The angry roars of a bear being baited rose from a nearby alley, followed by the cheers of a crowd. I peered into the alley and saw the poor animal: it was a mighty beast chained by the neck to a stake lodged in the ground and it bellowed with impotent rage as two mastiffs attacked it, drawing chunks from its hide. The bear managed to hit one of the dogs with a lusty swipe, and the dog went flying with a yelp into a wall, where it collapsed in a heap, mortally wounded. As it lay dying, another mastiff was released to take its place. The crowd cheered even more loudly.

Mrs Ponsonby was predictably appalled. ‘I thought Englishmen were made of better stuff than this. Come, girls. Avert your eyes.’

On this rare occasion, I found myself agreeing with her.

After our short stop at Whitehall, we proceeded apace to Dover and thence across the Channel to Calais.

From there, at Mr Ascham’s suggestion, we all changed into garments that were decidedly less colourful than the attire we had worn across southern England. Elsie and I wore plain cassocks and skirts without farthingales (which I must say made movement considerably easier). With her graceful neck, blonde hair and nubile body, Elsie still managed to look angelic even in that crude smock.

Mrs Ponsonby puckered her lips in outrage when Mr Ascham made her don a plain brown travelling cloak. Her blue one, he said, was not appropriate for an overland journey across the Continent—dressing so would almost certainly attract the attention of bandits.
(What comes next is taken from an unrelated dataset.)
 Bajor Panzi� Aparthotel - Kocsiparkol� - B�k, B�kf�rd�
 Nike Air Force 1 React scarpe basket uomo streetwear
Elsie could barely contain her delight at this exchange.

Mr Ascham dressed for our journey in a fashion that I feel warrants further description.
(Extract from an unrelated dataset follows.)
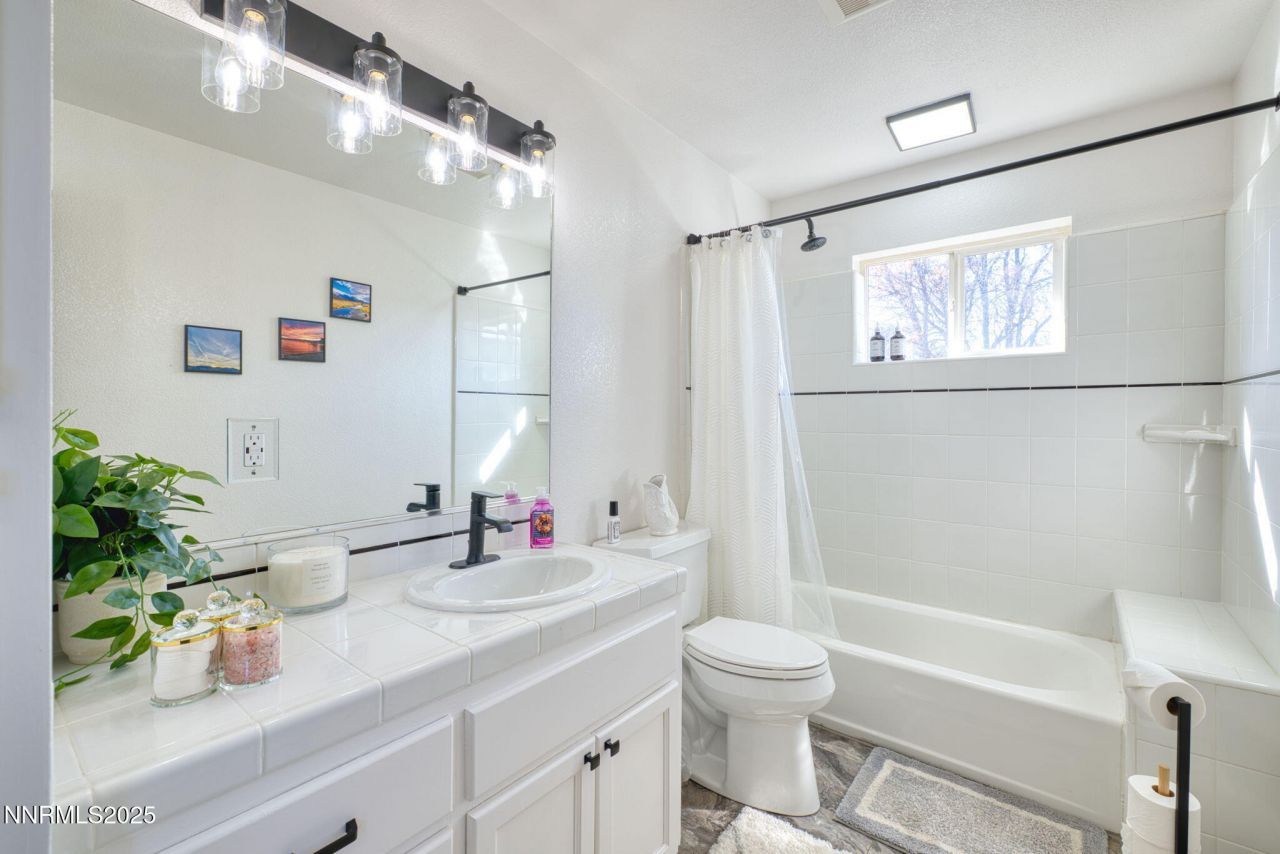 2988 Pine Valley Road, Gardnerville, NV 89410 Photo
In Hertfordshire he always wore the stiff formal attire of a gentleman: ruff, gown, bulging breeches and stockinged feet. But now he donned an outfit that was decidedly different: full-length brown trousers of a sturdy weave, knee-high brown riding boots and a brown jerkin made of tough Spanish leather. Over this he draped a longcoat of oiled black canvas that reached all the way to his ankles. On his head he placed a broad-brimmed brown hat that seemed impervious to rain.
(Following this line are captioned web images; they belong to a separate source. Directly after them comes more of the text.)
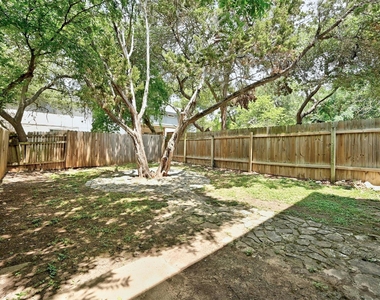9602 Nightjar Dr - Photo Thumbnail 21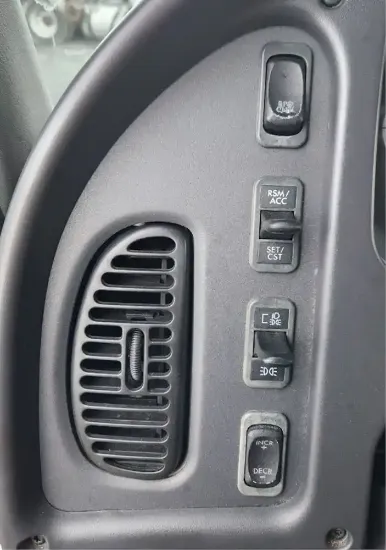 Picture of (Used) 2015 Freightliner M2 106, MISCELLANEOUS DASH SWITCHES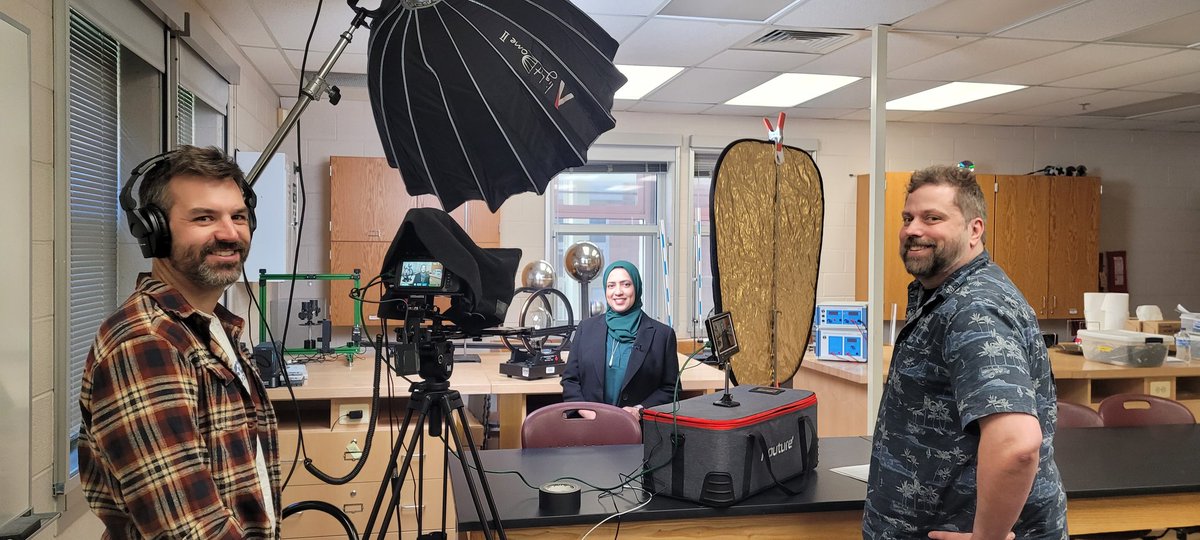 dr_raza_khan's tweet photo. A special shout-out to @CarrollCC PMA team to help us promote our Sciences program at the College for the sole benefit to our current students, future @CCPSk12 graduates and non-traditional students. @MD_CommColleges @MDMHEC @bradphillips #MdCCsWork #MdCC #MdSTEM #LynxSciences https://t.co/F3MQhx9NL5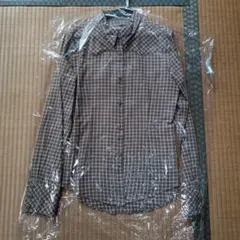 ブラウン シャツ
All this gave my beloved schoolmaster a far more rugged appearance than that to which I was accustomed. He looked more like an explorer or an adventurer than a little girl’s teacher from Hertfordshire.

He looked harder, rougher, and perhaps even a little dashing.

We made good progress through France.

Although nominally my father was the King of France, such an appellation seemed a sore point to the local inhabitants, so we travelled through the lands of the Franks incognito, disguising our status to the extent that we did not even stay overnight in the homes of royal relatives.

Instead we lodged at taverns and public houses which were usually foul-smelling and rancid places not suitable for dogs let alone human beings. On a handful of occasions—yes, it’s true!—we even slept in our wagons by the side of the road while our guards stood watch in the firelight.

While I’d been somewhat saddened at Whitehall by the entertainments of my fellow Englishmen, I was shocked by the ways of the French countryfolk: at their wanton drinking and revelling, and their appalling personal hygiene. A man would piss into the gutter and then immediately use his unwashed hands to grasp a chicken leg and eat it.

I mentioned this to my teacher, asking what such sights could possibly add to my royal education.

‘Bess,’ he said. ‘The majority at court may not think that you will ever sit on the throne of England, but in matters of succession one should never discount even the most remote heir. Should Edward catch smallpox and Mary, with her zealous faith, put the court offside, then you will find yourself Queen of England, Ireland and France. And if you do, then the education you receive from me will be decisive in whether or not you are a
good
queen of England. This journey will be the easiest lesson I shall ever give you, for all you have to do is watch. Watch and observe the customs, activities and proclivities of real people, for it is real people over whom a king or queen rules.’

Although not entirely convinced, I said that I would do so.

Each evening, wherever we happened to be staying, Mr Ascham and Mr Giles would play chess. Usually Mr Giles won, but not before the game had lasted some time and only a few pawns and the kings remained on the board. I would often retire before they finished.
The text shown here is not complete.